** RECORDS FOR THIS TASK follows **
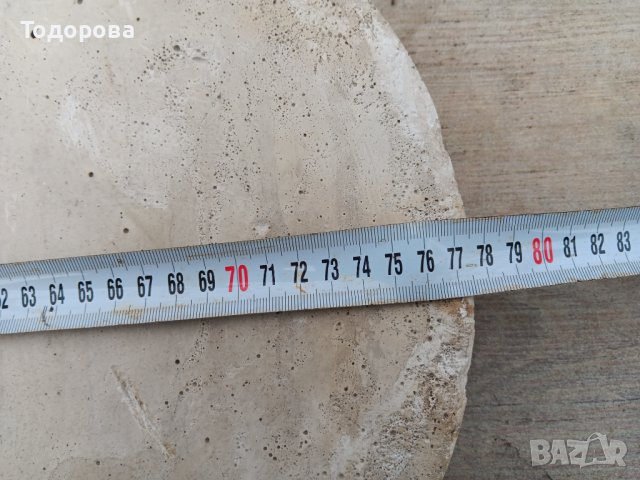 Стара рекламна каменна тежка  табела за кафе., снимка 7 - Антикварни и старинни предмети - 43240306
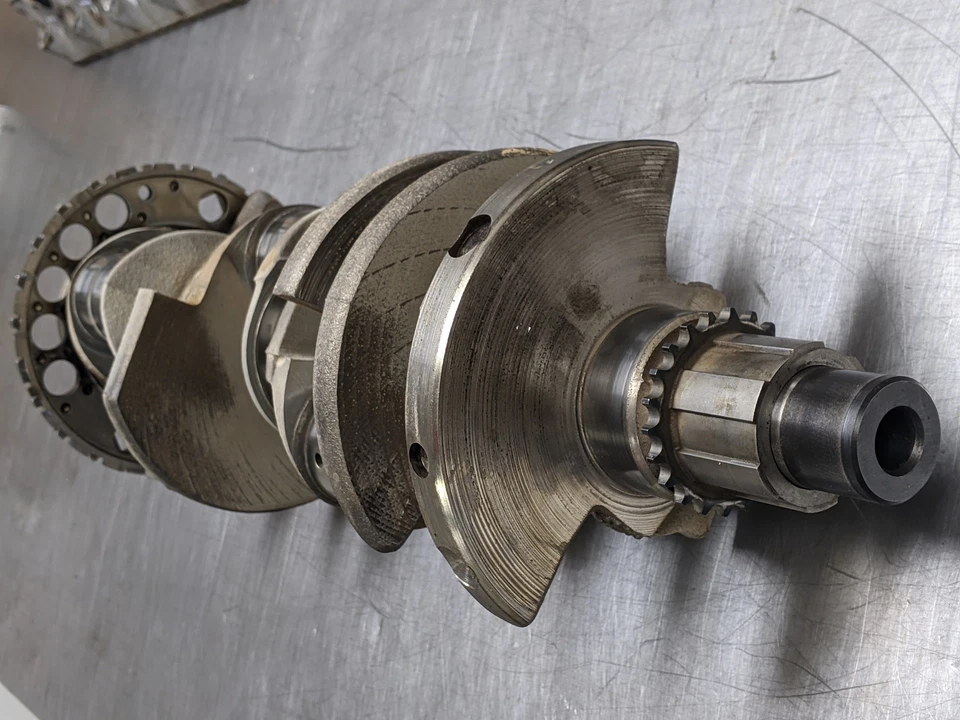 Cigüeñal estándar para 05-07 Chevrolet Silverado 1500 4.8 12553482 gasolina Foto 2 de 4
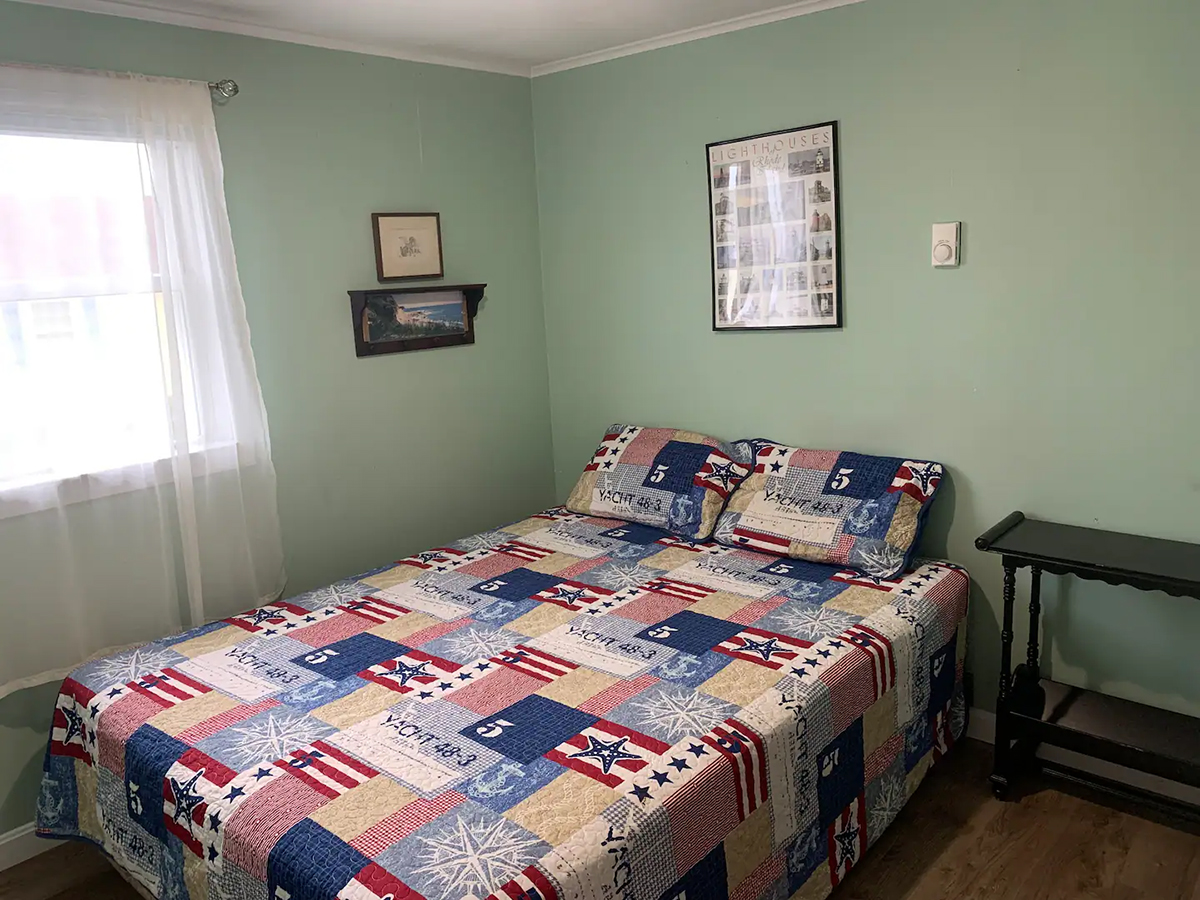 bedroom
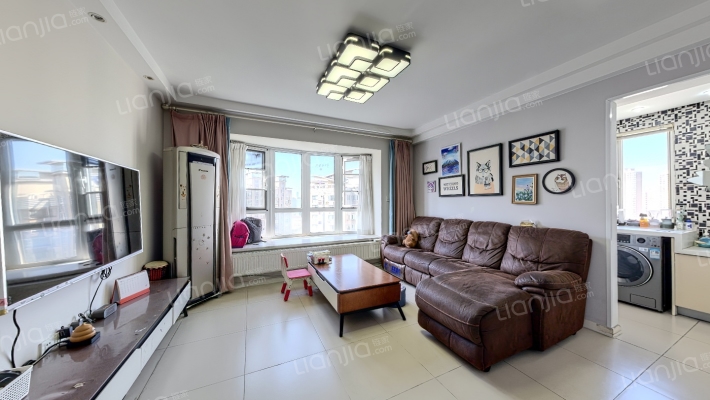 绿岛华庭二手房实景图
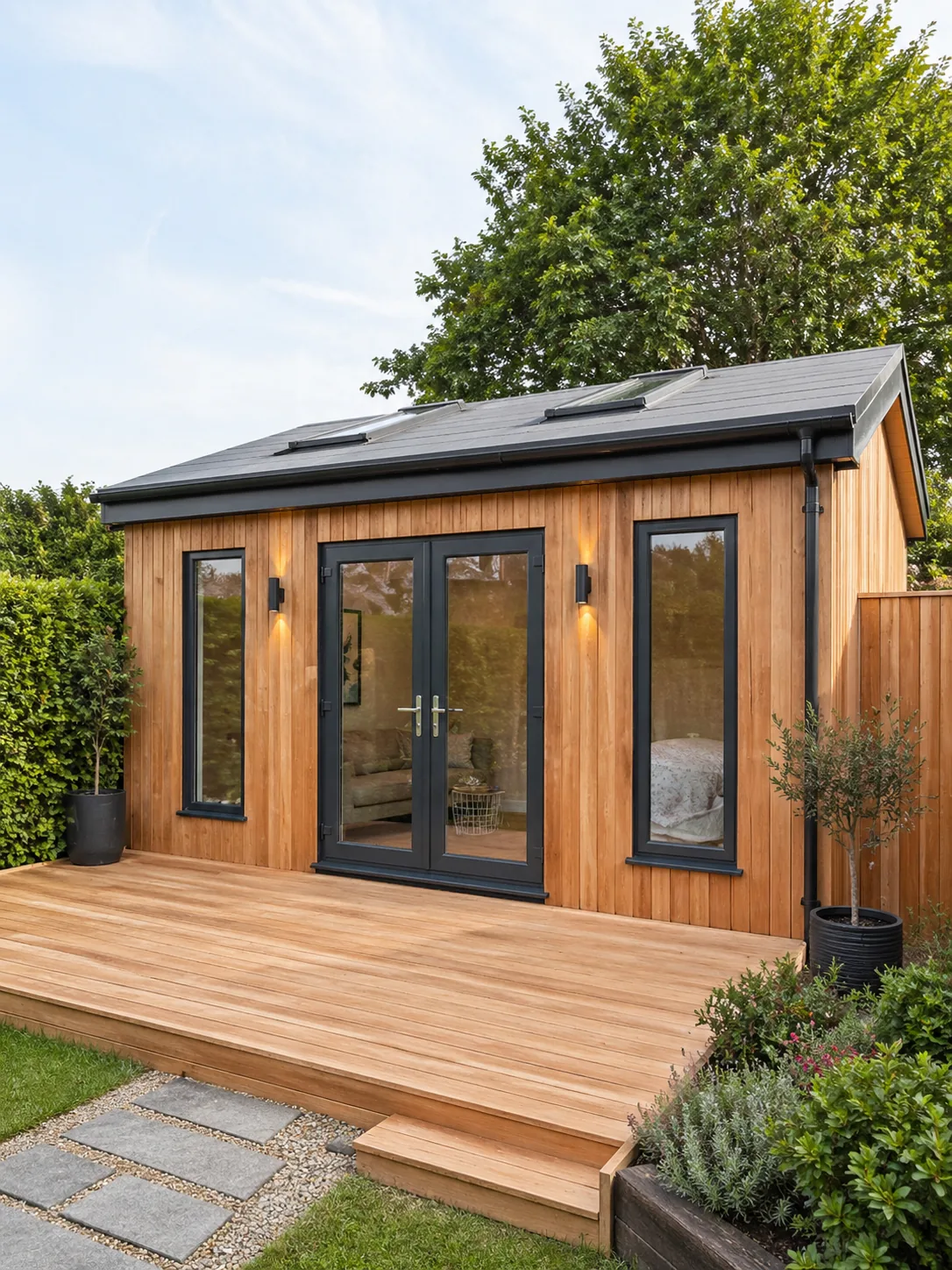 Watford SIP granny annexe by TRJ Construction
** End of RECORDS FOR THIS TASK **
PROBLEM STATEMENT
Reproduce the entries above word for word. Pictures stay out.

RESULT OF THIS EXERCISE
 Стара рекламна каменна тежка  табела за кафе., снимка 7 - Антикварни и старинни предмети - 43240306
 Cigüeñal estándar para 05-07 Chevrolet Silverado 1500 4.8 12553482 gasolina Foto 2 de 4
 bedroom
 绿岛华庭二手房实景图
 Watford SIP granny annexe by TRJ Construction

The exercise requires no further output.